Posted on : 21-09-2011 | By : Julie Gottlieb | In : Buzz, Government

Tags: , , ,


“Google Mistrials” refers to cases disrupted by jurors’ independent internet investigations. Specifically searches for lawyers, victims, witnesses, defendants, news articles, blogs and evidence that had been specifically excluded by the judge can lead to a “Google Mistrial.” While this is not necessarily a new phenomenon, over the past few years the immediacy and accessibility of smart phones has increased such occurrences and wreaked havoc on trials around the country.

Now a Manhattan federal judge, known for her series 2004 of opinions that established e-discovery rules, is doing something about it. According to Colin Moynihan’s article, Judge Considers Pledge for Jurors on Internet Use, this month, during a hearing, U.S. District Judge Shira Scheindlin said, “I am keenly aware that there are convictions set aside all over the country when we learn later during deliberations a juror looked up the keyword or the key name.” Attempting to avoid this in her court room, Judge Scheindlin plans to write a pledge that jurors might be required to sign. According to Moynihan’s article jurors who sign the pledge will be subject to perjury charges if they conduct independent internet investigations during the trial.

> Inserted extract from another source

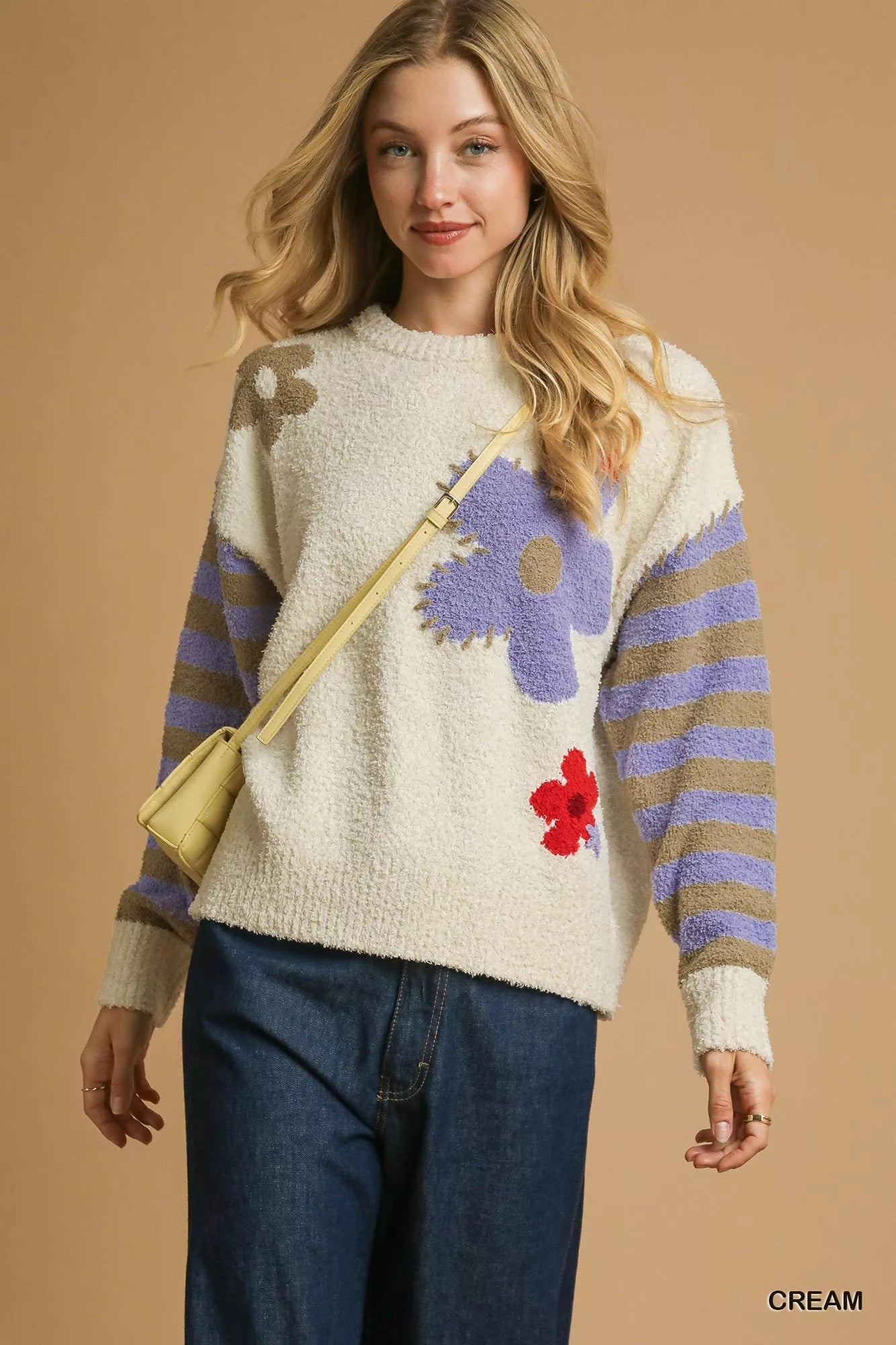 Umgee flower jacquard striped long-sleeve sweater in cream with lavender floral accents and striped sleeves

Some question why a written pledge would be successful when oral instructions have failed. Instructing jurors not to use any source outside the court room to assist in deciding any question of fact is boilerplate. In his 2009 article, As Jurors Turn to Web, Mistrials Are Popping Up, John Schwartz wrote, “Judges have long amended their habitual warning about seeking outside information during trials to include Internet searches.” Still, the number of Google Mistrials continues to grow. Apparently, Judge Scheindlin believes that jurors will be less likely to conduct independent online investigations if they affirmatively agree not to in writing. Time will tell if other judges follow suit.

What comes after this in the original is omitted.